Stevenson also uses symbolism and pathetic fallacies to make Hyde seem so evil to the readers. The use of fog is used often to symbolise mystery and also is mentioned just before something bad is going to happen, for example just before he runs into the little girl in the street the narrator mentions the foggy weather, the same thing happens just before he murdered Sir Danvers Carew. Hyde shows us that evil can take over someone without them realising it. Hyde picks on weak people as victims and Jekyll has no control over Hyde at the end.
He uses his strength in both attacks that we know about on innocent, vulnerable people that stood no chance in defending themselves for example when My Hyde attacked Sir savers Carew the maid described Carew as ‘innocent and old-world kindness disposition’ this tells us that Carew didn’t do anything wrong to deserve it.. At the start Jekyll had full control over Hyde and only wanted to fill a part of himself which wanted to be slightly mischievous, after a while Jekyll could not control what he was doing or when he changed to Hyde, this tells us that evil slowly takes over good and destroys lives.
He says after that’ for two months I led a life of such severity as approving conscience’. This tells us that it had got worse towards the end and he started to realise that it had got worse. Victorians would perceive Hyde as evil and not human, a lot of Victorians were very religious and would like to see the good side of him win over the evil side, a lot of them would be disgusted at the things that Hyde did, especially to the young innocent girl he trampled over in the middle of the night. Stevenson gets the audience going by making a huge contrast and difference between the good Dr. Jekyll and the evil Mr Hyde.
He makes them chose only one side to be on and lets their imagination create pictures. In the end good prevailed over evil but Dr Jekyll had to kill himself so that Mr Hyde could never return and kill more people or harm others. Victorians might perceive Hyde as an evolutionary throwback because Stevenson uses language that describes him as monkeys and ape like creatures. For example he says that Hyde hits someone with ‘ape-like fury’ and that Hyde resembles an ape. Victorian readers might have preferred to perceive as not fully human because they do not want to think that someone human could be that evil and sick-minded that Hyde is.
Stevenson refers to Darwin’s theory because it wasn’t fully believed in the time the novel was written. The audience would have been shocked for Hyde to have been described that way. As a modern reader I have different views on Hyde and perceive him in a different way to the Victorians. I still see Hyde as an evil person but he doesn’t have a very big impact on me because I am used to things like this, unlike the Victorians who had rarely seen or spoken about such things before.

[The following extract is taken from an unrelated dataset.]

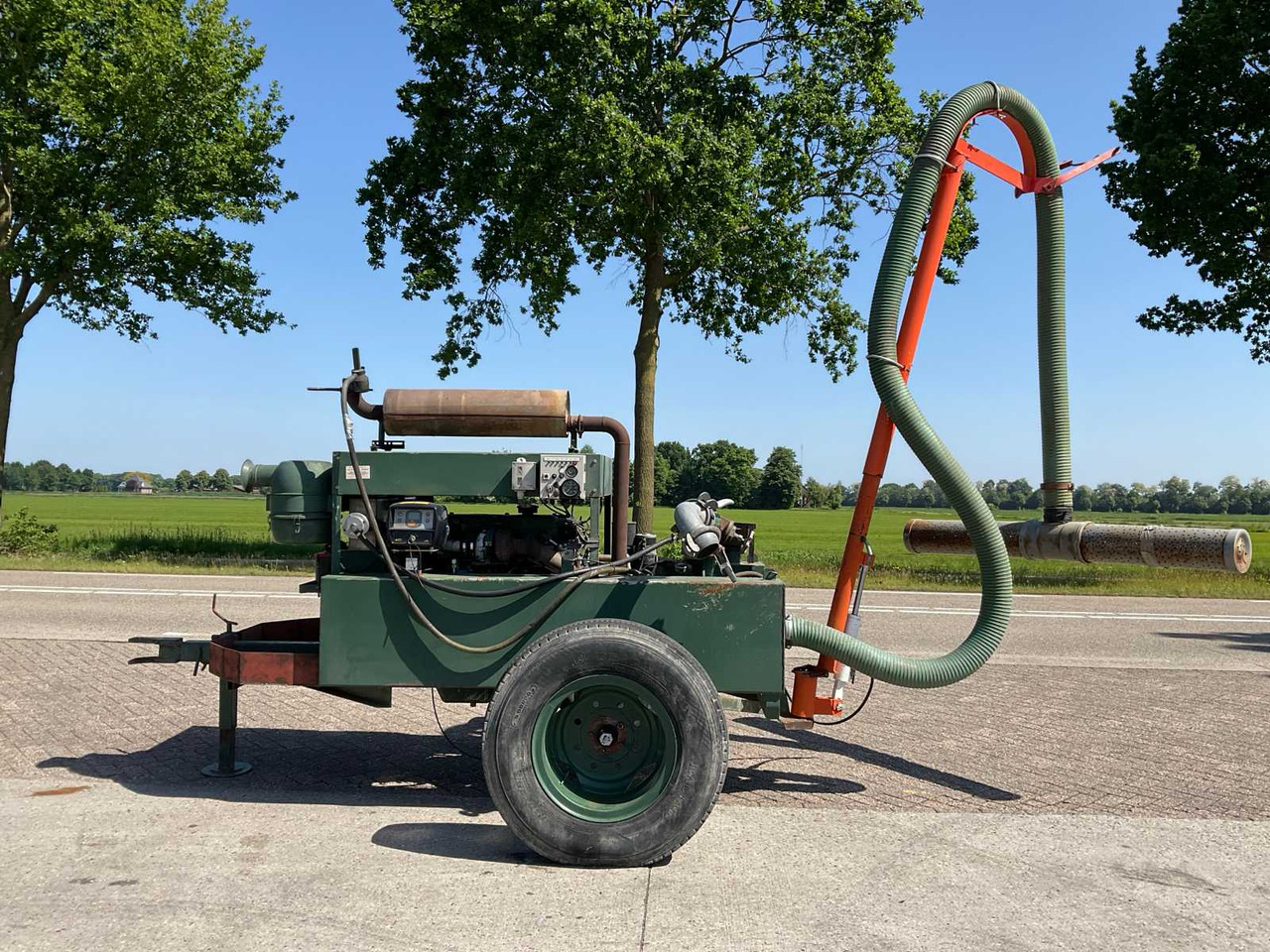 Najade T6-100/2 - Sistema de riego: foto 2 Najade T6-100/2 - Sistema de riego: foto 2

I think all of us have evil inside of us but only if we keep it locked up inside of us and do not admit that we have any it starts to get the better of us and takes over, slowly after time it starts making choices that we do not really want to make and we react differently to normal and do things maybe we should not do. Stevenson creates Hyde to show the audience that everyone has evil inside of them but not everyone uses it and keeps it shut away from the world and surroundings.